New Tool Spots When Your AI Assistant Secretly Leaks Your Data
You ask your AI assistant a question, and it answers helpfully. But what if, behind the scenes, it’s also sending a copy of your conversation to a third party you never agreed to? A new research tool from the Rochester Institute of Technology aims to catch exactly that kind of behavior.
What Happened
In April 2026, researchers at RIT published a paper describing a privacy tool that detects when AI agents—such as ChatGPT, Siri, or Alexa—act as “double agents.” The tool monitors network traffic and analyzes the data that an AI assistant sends out after you give it a command or a prompt. If it spots information being transmitted to servers outside of the expected provider, it flags the activity as a potential privacy breach.

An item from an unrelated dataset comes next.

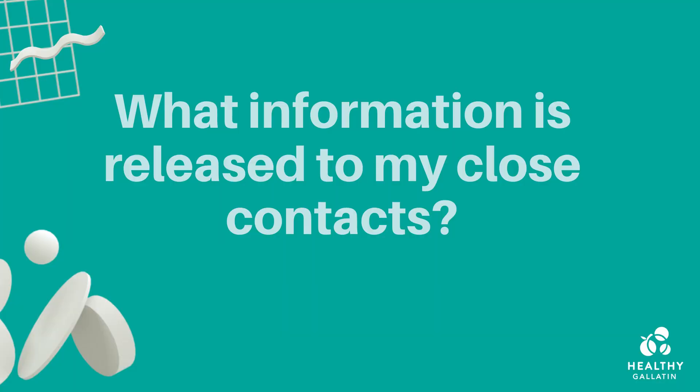If you were to test positive, we will not tell your close contacts your name unless you give us permission to do so. We'll merely reach out to your close contacts and let them know that they were exposed and inform them on how to quarantine safely for 14 days.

The tool is still a research prototype, not a polished consumer app, but the underlying approach could be adapted into browser extensions, mobile security apps, or even built into operating systems. The researchers demonstrated it with several popular AI assistants and showed that it could detect data leakage that would otherwise go unnoticed.
Why It Matters
AI assistants are becoming deeply embedded in daily life—scheduling meetings, answering questions, summarizing documents, even handling sensitive personal matters. Most users assume that their conversations stay between them and the company that made the assistant. But the reality is more complicated.
Many AI services rely on third-party plugins, analytics services, or backend APIs that can access your input data. Some may route requests through external servers for processing, and in doing so, they may inadvertently share more than intended. Malicious actors could also exploit vulnerabilities to siphon data.
The RIT tool addresses a real gap: most users have no way to verify what data their assistant is actually sending out. Without such visibility, privacy violations can happen silently. The tool provides a practical way to audit those interactions and hold providers accountable.
How the Tool Works (in Plain Terms)
The tool sits between your device and the internet—think of it as a smart watchdog for network traffic. When you interact with an AI assistant, it captures the data packets leaving your device. It then compares the destination of each packet against a list of known, authorized servers. If a packet goes to an unrecognized address or contains data that seems unrelated to the expected AI response, the tool raises an alert.
The research team designed it to work with both voice and text interactions. For voice assistants, it also analyzes audio metadata to spot potential recordings being sent elsewhere. The tool does not block the traffic by default—it’s meant to inform you first, so you can decide what to do.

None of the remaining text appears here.